Por fin llega el momento de ver el piso. Si el otro me pareció sucio… Este tenía la ducha con un dedo de moho negro. Tenía dos patios que decía que llevaban 3 años sin limpiarse porque la inquilina no lo había hecho y él menos lo iba a hacer. Apelaba a su “No te pido que me lo dejes más limpio, ¡déjamelo igual!”. Los muebles estaban destrozados, pero es que para colmo era de los pisos más caros que vimos y con diferencia el peor. Al ir a bajar una persiana estaba rota a lo que dijo exaltado “Ésta es otra, los inquilinos siempre quieren que arregle las persianas. ¡Pues no la abras y ya está!”. Mariano inició otra vez su interminable monólogo y yo que no soportaba un segundo más me inventé que teníamos que irnos a ver otro piso con urgencia y que lo llevara a su casa de vuelta su puta madre en bicicleta.
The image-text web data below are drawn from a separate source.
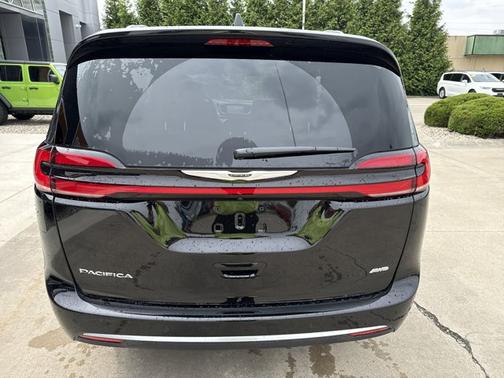 2025 Chrysler Pacifica Pinnacle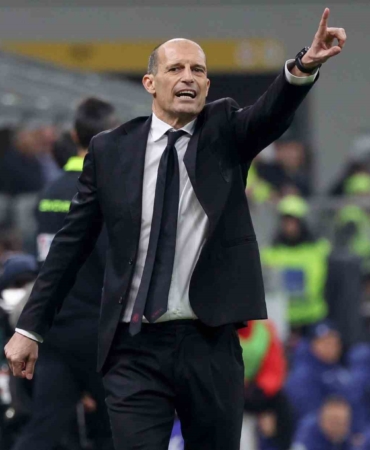 napolide-yeni-teknik-direktor-massimiliano-allegri-4GcqqOsf.jpg
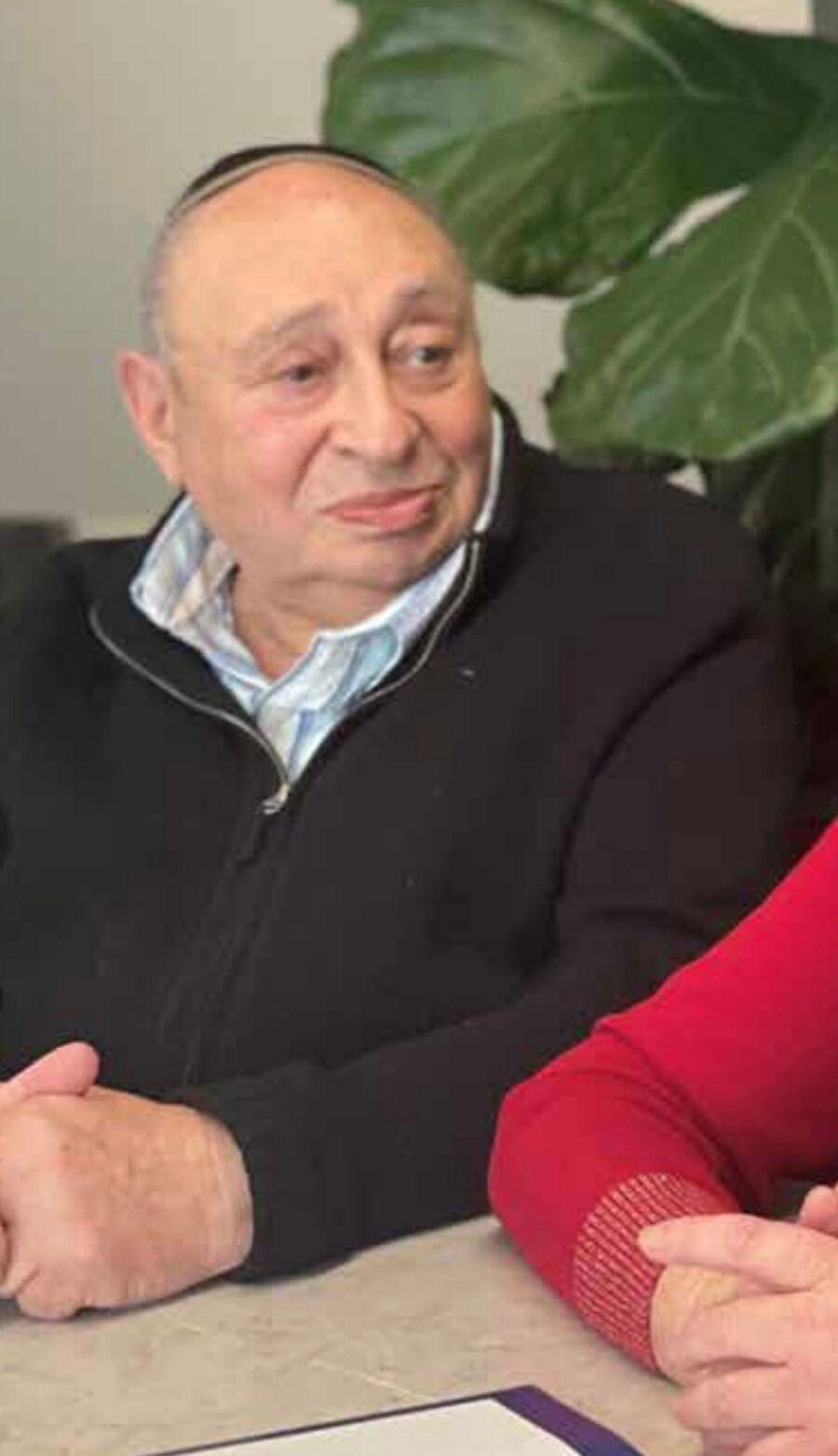 悉尼邦迪海滩这起枪击案太让人痛心了。当地时间14日的这场悲剧，造成16死42伤，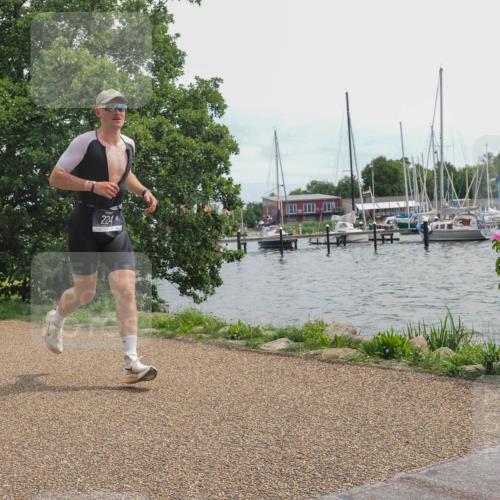 22.06.2025 - Viking Triathlon KatJ http://msf.ph/oto/8126636 22.06.2025 13:47:18 Laufen 216, 224 meine-sportfotos.de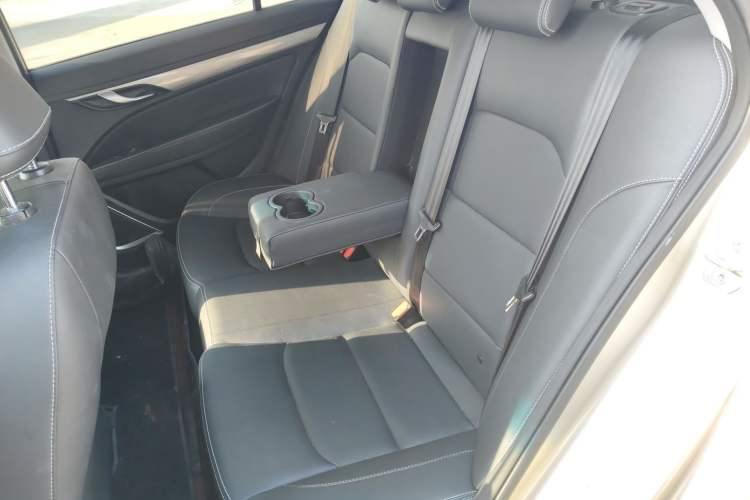 Used Geely Auto Emgrand 2019 Leading Edition 1.5L CVT Luxury Model China VI Standard
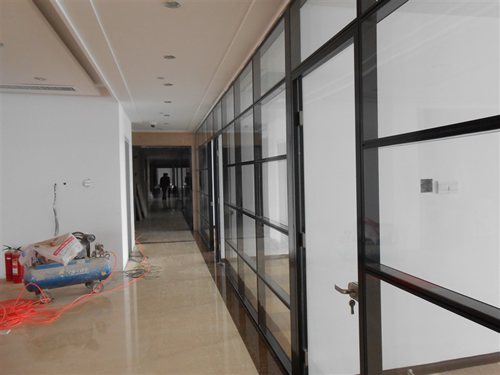 為什么浙江玻璃隔斷有時(shí)候會(huì)出現(xiàn)裂紋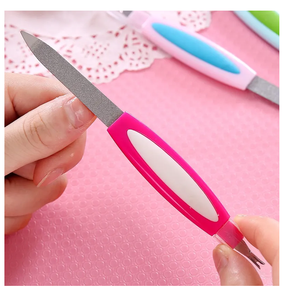 Pousse-cuticules et lime à ongles double usage pour éliminer les peaux mortes et les callosités, avec manche en plastique et lime métallique - Product Image 5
En la despedida, para sorpresa nuestra tras los distintos brotes de ira, oigo que le tiembla la voz y veo sus ojos anegados en lágrimas “Gracias a todos los sanitarios como tú yo estoy hoy aquí”. Dijo tendiéndome la mano para despedirse. Yo no daba crédito al compendio de emociones que se estaban sucediendo en tan poco tiempo. Le di la mano por la ventana de la cual se me había encaramado minutos antes y salí de ahí quemando rueda como El Vaquilla.